Items Shown: Fermenting Crock

Instructions

  1. Prep your olives. Pit them or cut a slit in the side of each to help them absorb the brine. Some recipes even suggest hitting them with a hammer. However you break them up, make sure you drop them right in a container of water or the spot that’s cut will oxidize, as some of ours did in the photo. This isn’t a bad thing flavorwise, but it’s not pretty.
  2. Prep your seasoning. Crush the peppercorns and garlic with a mortar and pestle or the back of a frying pan (put them in a bag first to keep them from scattering all over your kitchen.) Zest your orange in large strips using a peeler. If you’re not into the garlic/orange/rosemary thing, use whatever spices you like. Pickling spices work beautifully. So does lemon zest, thyme, and pink peppercorns. Really any mixture of hearty herbs (read: not basil or mint) works well here.)
  3. Toss your seasonings in with your salt. Get your hands in there and really rub everything together. You’ll have a crazy aromatic salt mixture, and you’ll find yourself very aware of any little cuts, nicks or scrapes on your hands. They’ll seriously burn.
  4. Add some of the salt mixture to the bottom of your crock and begin packing in the olives as tightly as possible. Once you’ve packed in about 1/4 of the olives, sprinkle about 1/4 of the remaining salt mixture. Repeat until all the olives and salt are in the crock.
  5. Pop the stones on top of your olives. Fill the water well seal and leave them alone, in a cool place, for a day. After 24 hours, check to see how much brine they’ve made (by naturally releasing juice.)  If the brine is covering the olives, leave them alone. If not, and it probably won’t be quite there, add filtered water until it covers the olives and the stones by at least a couple inches.
  6. Leave your crock in a cool dark place where it can sit for a couple of months. That’s right, you’re in it for the long haul.  Check the brine level every week to make sure they’re still covered. After about 3 weeks, open the crock, taste the olives (chances are they’ll still be bitter.)  If they’re not to your liking yet, simply check the water level on your olives to keep the fruit and the stones covered, and leave them alone. Check every week or so. Ours have been in the crock about 8 weeks and they’re FINALLY getting good!
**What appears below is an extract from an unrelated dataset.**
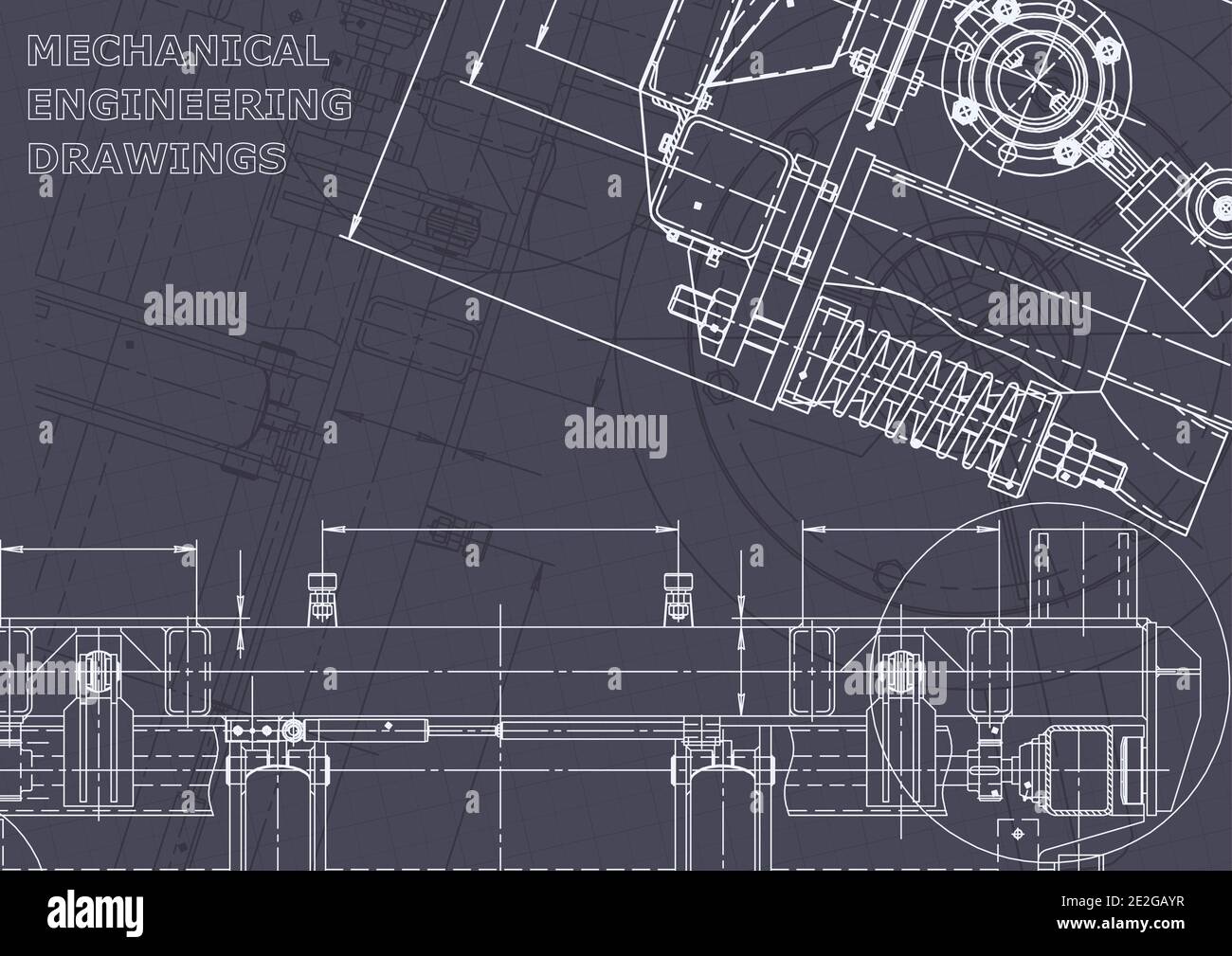 Sistemi di progettazione assistita da computer. Illustrazioni tecniche, sfondo. Meccanico Illustrazione Vettoriale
  7. Once you’re happy with the way the olives taste, it’s time to transfer them into canning jars. You could store them for up to a year in their brine in a cool dark place. You can also can them in jars with fresh brine (1/4 cup salt to every quart of water.)  If you’re doing that, make sure to leave about an inch of head room in the jars for any gas that may try to escape.  My favorite way to store fresh cured olives is to pack them into large jars and submerge them in hot, fresh olive oil. I use lower quality olive oil for this, heat it, and pour it straight on top of the olives, leaving about an inch of headroom. The olives, which wrinkle slightly during the curing process seem to plump back up, and at the end of the day I also have this amazingly flavored olive oil to use. It’s great in a salad dressing or as a dip for bread. I also love it in my pesto.  Once these olives have cooled, I either store them in a cool, dark place for up to a month or my fridge. Or I give them as gifts.
How to Make Olives

A Jar of Cured Olives!

Well, there you have it. You’ve learned how to cure olives. Like so many things, it’s more time consuming than it is difficult. But the finished product is SO worth it!  Plus, you can actually say you made them yourself. Who makes their own olives, seriously?

Simple Sauerkraut Recipe – Just in Time for Oktoberfest!
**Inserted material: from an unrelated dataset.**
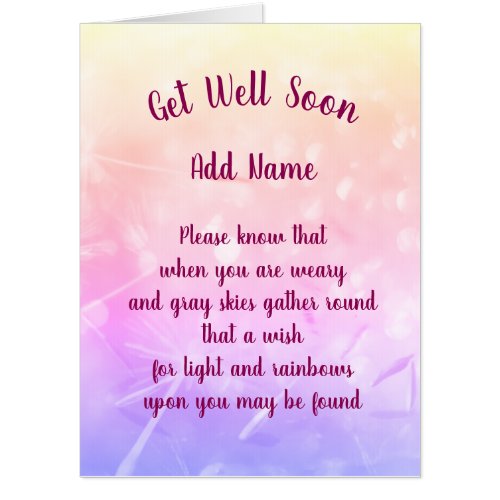 Giant Get Well Soon Card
Thursday, September 4th, 2014

So, you know we’ve got these fermenting crocks, and you know we think they’re awesome. You can see them in action in our kimchi and our pickles post. Of course, what good is a truckload of fermentation crocks without a killer sauerkraut recipe. Bonus: If you start your kraut now, you’ll have a fresh batch of sauerkraut for Oktoberfest. Because what’s beer and brats without sauerkraut?

Before we start, let’s break it down: What is sauerkraut and how do you make sauerkraut that tastes awesome? Simply put, sauerkraut is fermented cabbage. Now, I know you’re thinking “eeew, fermented food is gross,” but you would be wrong. Other fermented foods that you probably know are: Kimchi, Pickles, Sourdough, Cheese, Coffee, Chocolate, Yogurt, Beer, Wine, Vinegar, and Miso. I’ve yet to meet a single person who doesn’t like at least one of those things. So get ready to be a home-fermenting convert.

Supplies You’ll need:

Ingredients You’ll Need:

  • 2 heads of cabbage – Ideally organic – sometimes pesticides impede bacterial growth. Great for farmers, terrible for fermenting.
  • 3 tablespoons seas salt

Seriously. That’s it. All that punchy, funky flavor comes from the fermenting process. Here’s how to make sauerkraut in just a few simple steps. It really is a basic sauerkraut recipe.

  1. Shred or finely slice your cabbage. You can see in our photos that we did a coarser shred, but the finer the shred, the quicker to ferment.
  2. In a large mixing bowl (or the crock itself)  toss the salt with the cabbage, kneading the salt into cabbage. Note: If you have cuts on your hands, this will sting. I learned the hard way.
  3. Once the cabbage has been thoroughly massaged and starts releasing liquid, pack it tightly into a crock. Use a plate, the stones, or a kraut pounder to pack it down.
  4. Once all of your cabbage is packed into the crock, pour any liquid remaining in the bowl into the crock.  The crock should have released a more liquid during the packing process and be submerged or close to submerged in liquid.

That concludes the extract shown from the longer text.